▸ **Work item**
Start the copy at the line holding "Metallic Rainbow Dash" and continue it exactly through the last line of the entries, leaving out pictures and anything else.

▸ **Input material**

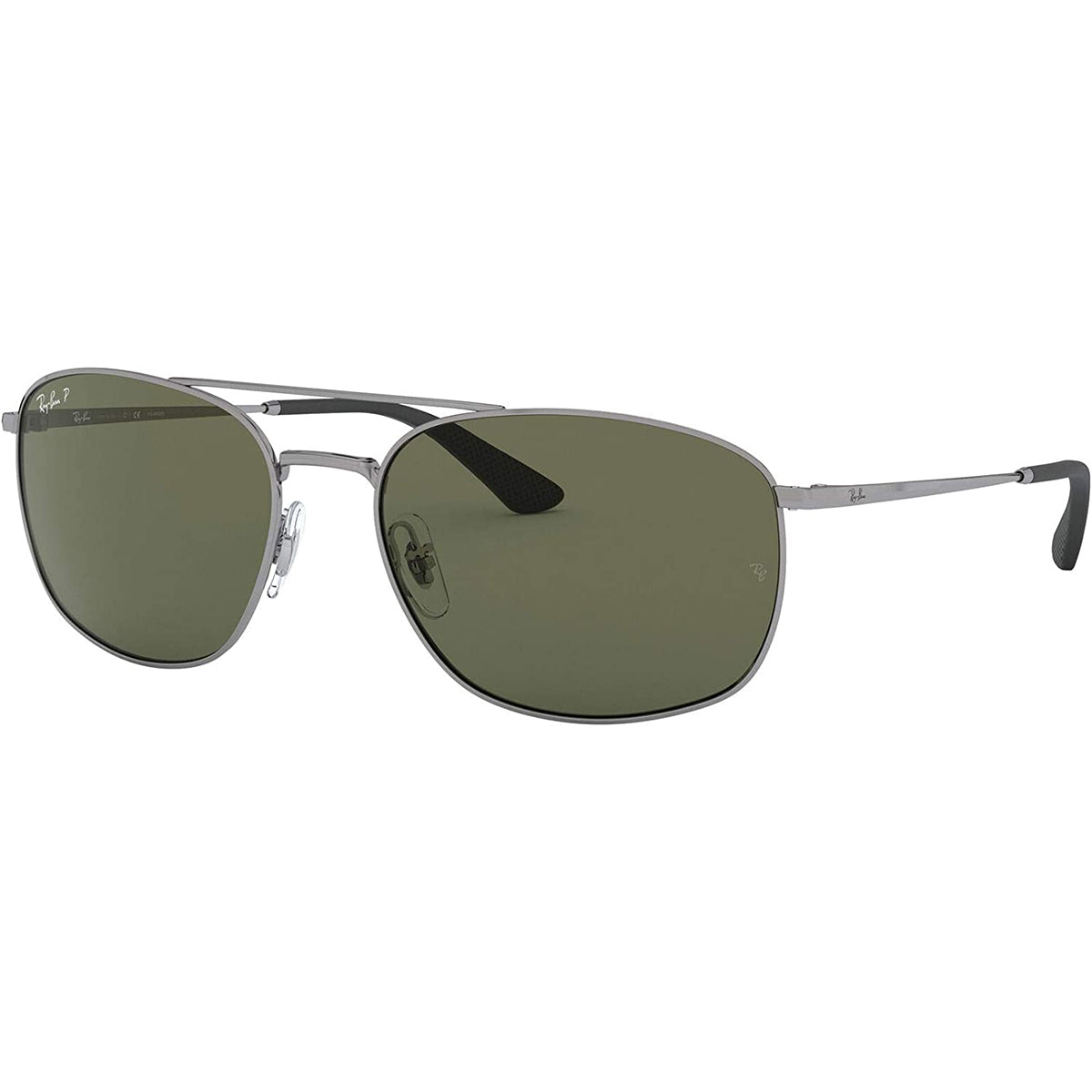 Ray-Ban RB3654 Men's Wireframe Polarized Sunglasses-0RB3654
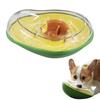 Interactive Dog Treat Dispensing Toy Avocado Shaped Puzzle Slow Feeder Puppy Enrichment Training Toy for Small Medium Large Dogs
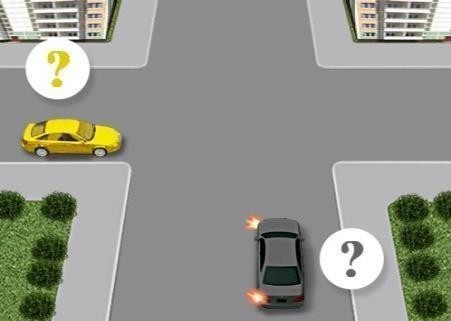 Малюнок до питання 8: Як роз'їдуться транспортні засоби в житловій зоні?
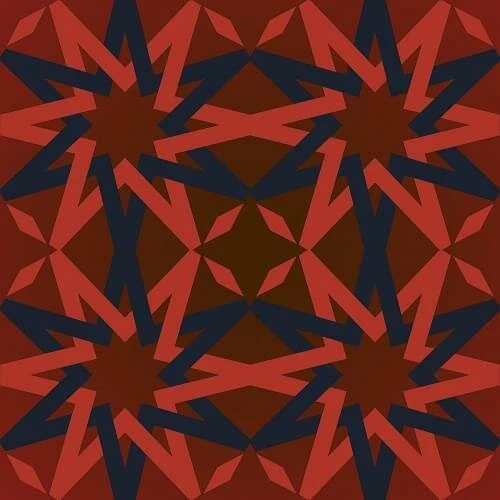 Tegelstickers Arabische Tegels Meknes C1 4 Tegelstickers Arabische Tegels Meknes C1 - Afbeelding 2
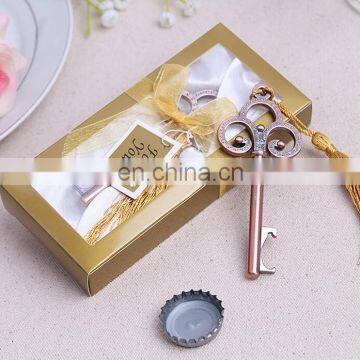 Hot Sale Novel Wedding Souvenirs Vintage Skeleton Gold Key Bottle Opener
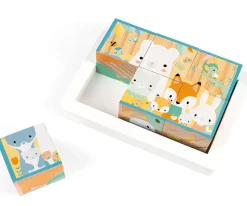 Niños Janod Bandeja 6 Cubos Pure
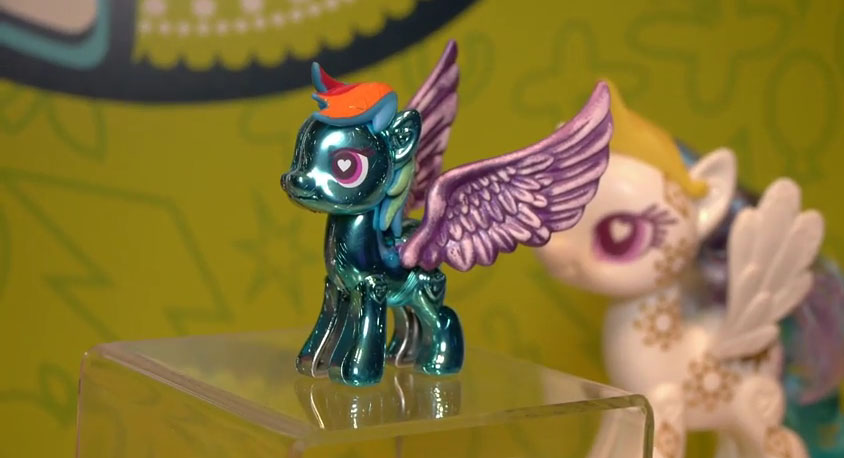 Metallic Rainbow Dash POP Pony at NY Toy Fair 2015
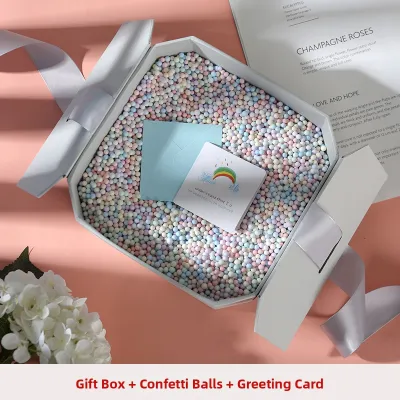 Birthday Gift Box INS Style Packaging Box Empty Box Premium Feeling Present Box Korean Version Card Paper Material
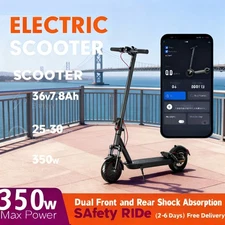 20 mph Adult E - Scooter: 20 - Mile, Dual - Shock, Turbo - Charged Urban Ride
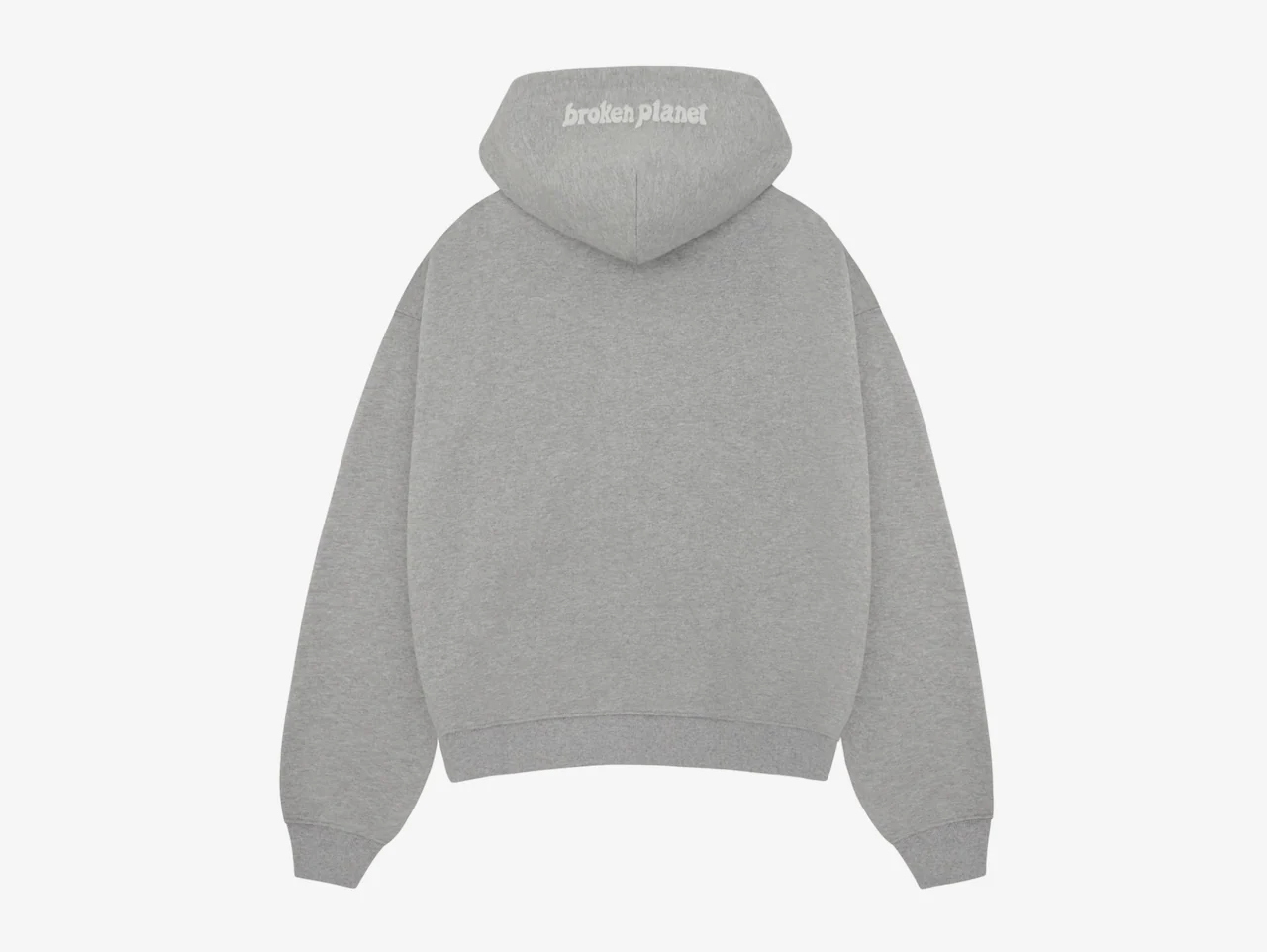 Broken Planet Zip-Up Hoodie Heather Grey - Image 2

▸ **Reply to the task**
 Metallic Rainbow Dash POP Pony at NY Toy Fair 2015
 Birthday Gift Box INS Style Packaging Box Empty Box Premium Feeling Present Box Korean Version Card Paper Material
 20 mph Adult E - Scooter: 20 - Mile, Dual - Shock, Turbo - Charged Urban Ride
 Broken Planet Zip-Up Hoodie Heather Grey - Image 2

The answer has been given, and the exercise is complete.